The United States Army (US Army) announced on June 27, 2023, that a demonstration and test launch of a Tomahawk cruise missile from a mobile ground launcher of the first experimental battery of the new American ground-based missile system of medium and shorter range, Mid-Range Capability (MRC) (officially named Typhon), which Lockheed Martin Corporation manufactured was successful.
The launch was carried out by the Rapid Capabilities and Critical Technologies Office (RCCTO) of the United States Army in collaboration with the Unmanned Aviation and Strike Systems Programme Office of the United States Navy and the 1st Multi-Domain Task Force (MDTF), which is comprised of the experimental battery of the MRC Typhon system. According to a statement released by the US Army, the launch served as evidence of the experimental battery’s preparedness for operational use.
According to the statement, at the beginning of the year, the same experimental battery of the MRC Typhon system successfully launched an SM-6 Standard missile.
On December 3, 2022, an experimental battery of the MRC Typhon missile system was delivered to the US Army for testing purposes. After the US and the Soviet Union withdrew from the Intermediate-Range Nuclear Forces Treaty in 1987, this battery became the first medium-range missile system to be deployed by the US Army in over thirty years.
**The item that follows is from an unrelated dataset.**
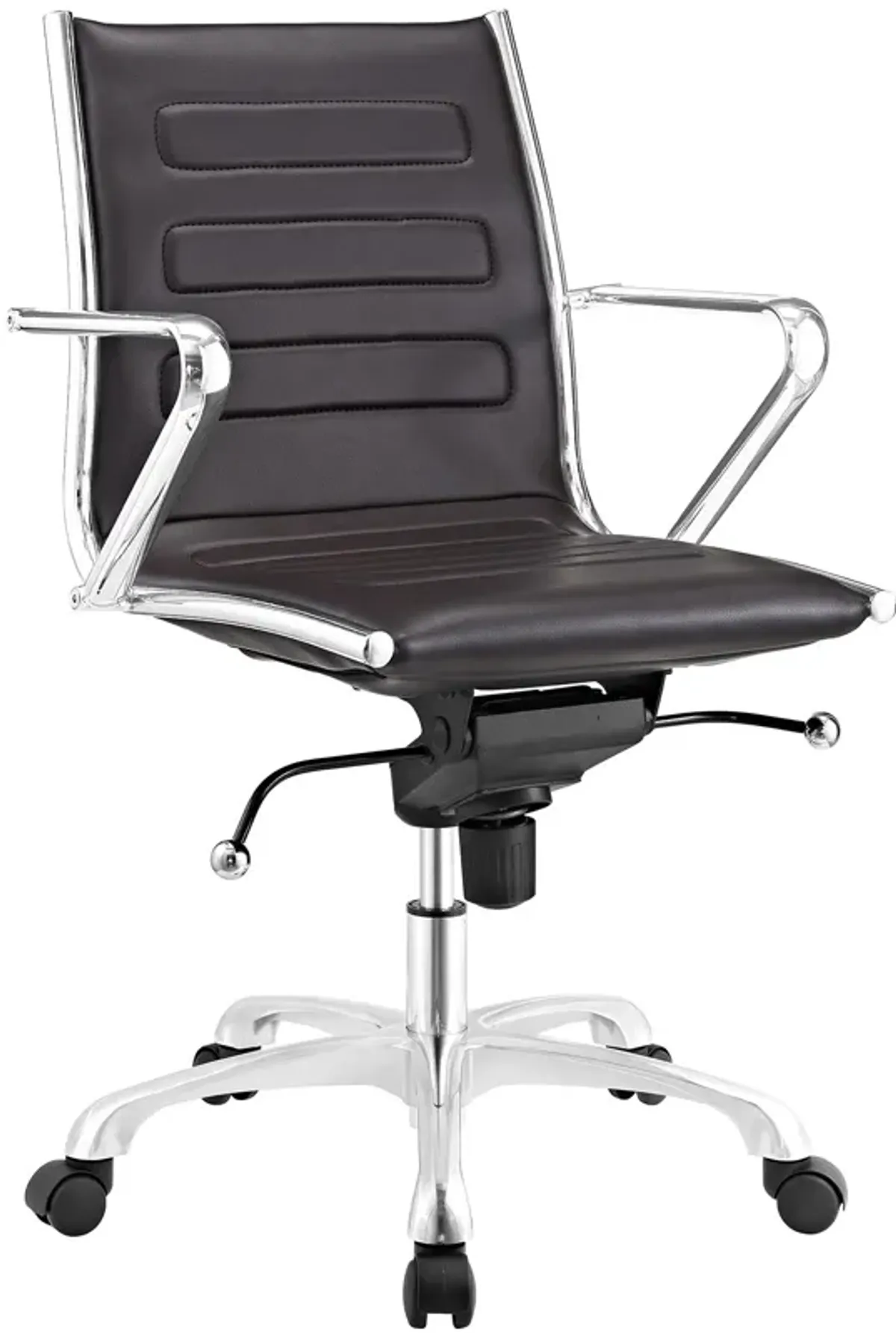 Modway Furniture - Ascend Mid Back Office Chair Brown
The MRC Typhon is a mobile ground-based missile system with a medium range that was created specifically for use by the US Army. It was named after the mythological monster Typhon from Greek mythology, who competed against Zeus. The subsonic Raytheon Tomahawk cruise missile and the versatile (anti-air and anti-surface) supersonic quasi-ballistic Raytheon Standard SM-6 missile are examples of ship-launched missiles currently in service by the United States Navy. The system is designed to use both of these types of missiles simultaneously. Both types of missiles will be launched from the ground-based variation of the Mk 41 Vertical Launch System. This system version has a four-container arrangement on a tractor-towed, trailer-mounted mobile launcher, and it will be used to launch the missiles. It is planned that the missiles will not have any particular modifications for the basic configuration of the US Navy. It is believed that a ground-launched Tomahawk cruise missile (in variations Block IV and V) equipped with a conventional warhead can travel up to 1,800 kilometres, but Standard SM-6 missiles, when launched on a quasi-ballistic trajectory, can reach up to 460 km.
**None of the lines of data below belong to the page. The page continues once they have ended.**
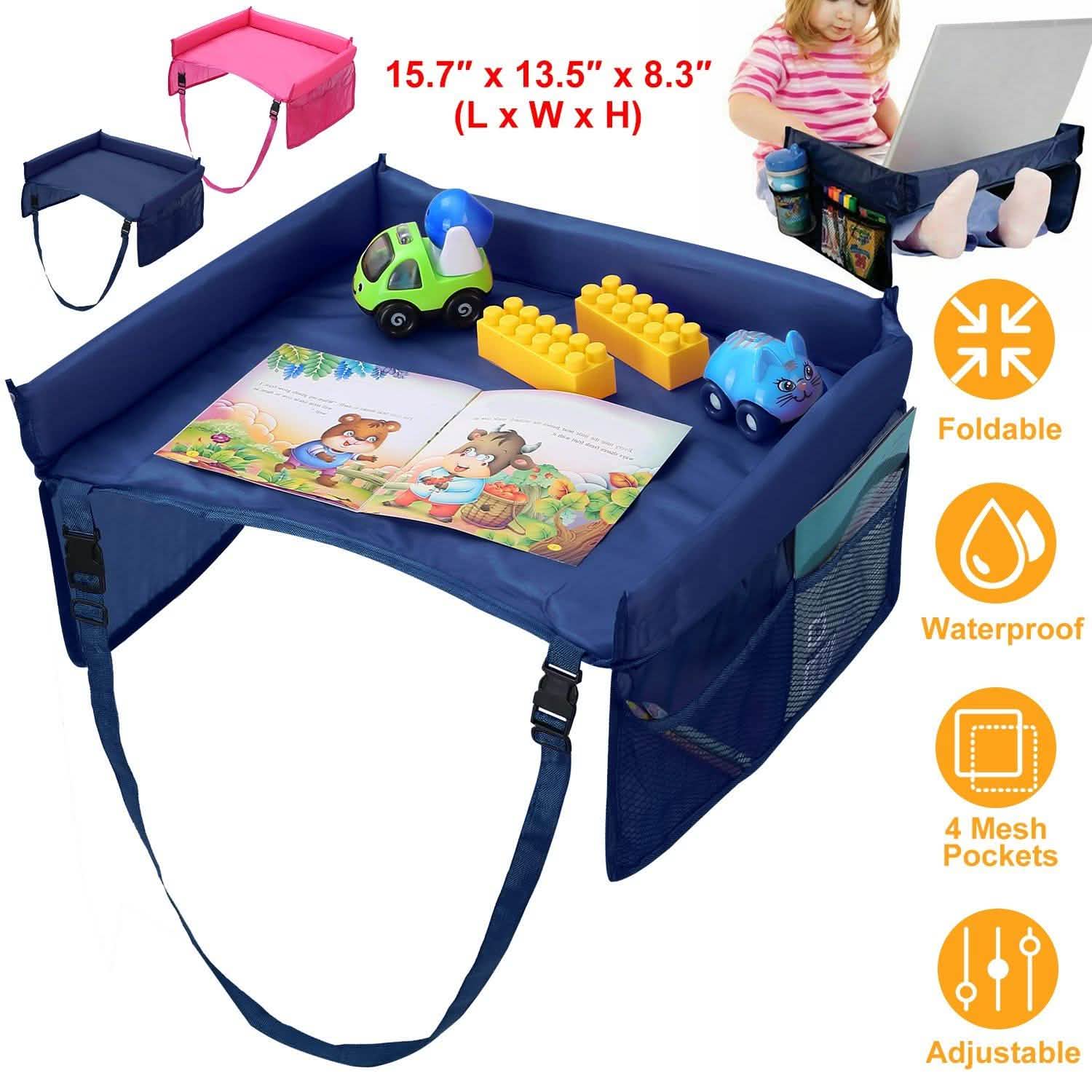 Kids Safety Travel Tray Waterproof Car Seat Automotive - Tophatter Daily Deals
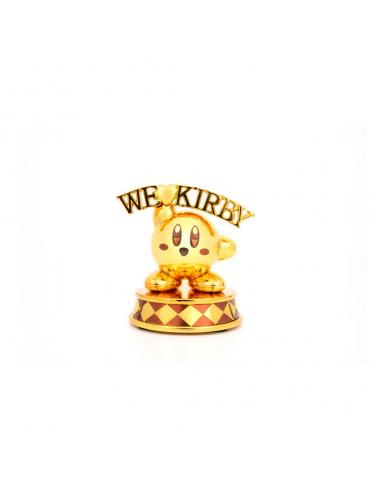 Kirby Estatua DieCast We Love Kirby Gold Edition 10 cm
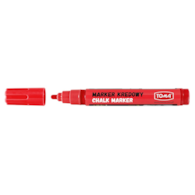 Markery kredowe, końcówka okrągła 4,5mm, 8g tuszu  czerwony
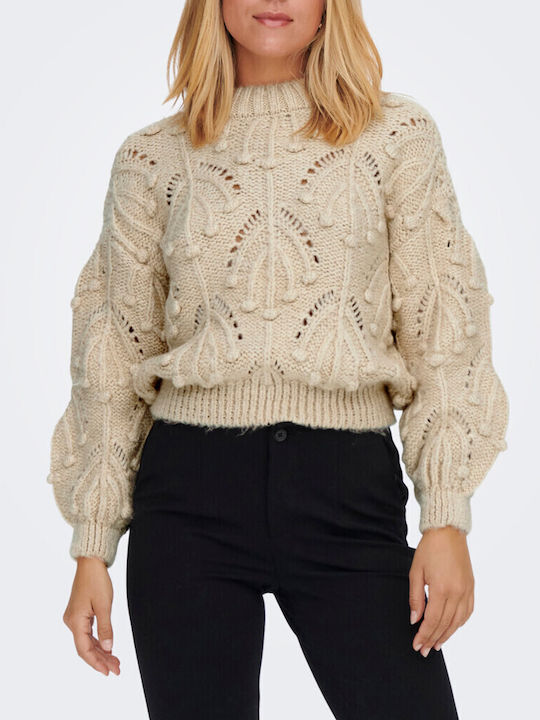 Only Women's Long Sleeve Sweater Beige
The MRC Typhon system could incorporate additional “surface-to-surface” missiles, including hypersonic ones, which could be developed for deployment on ships employing the Mk 41 Universal Vertical Launch System. The US Army anticipates that the MRC Typhon system will serve as an intermediate-range link between the future Lockheed Martin Precision Strike Missile (PrSM) with a range of 499-550 kilometres (potentially up to 1,000 kilometres) and the future ground-launched medium-range hypersonic missile system LRHW (Long Range Hypersonic Weapon, also known as Dark Eagle), with a claimed range of over 2,775 kilometres.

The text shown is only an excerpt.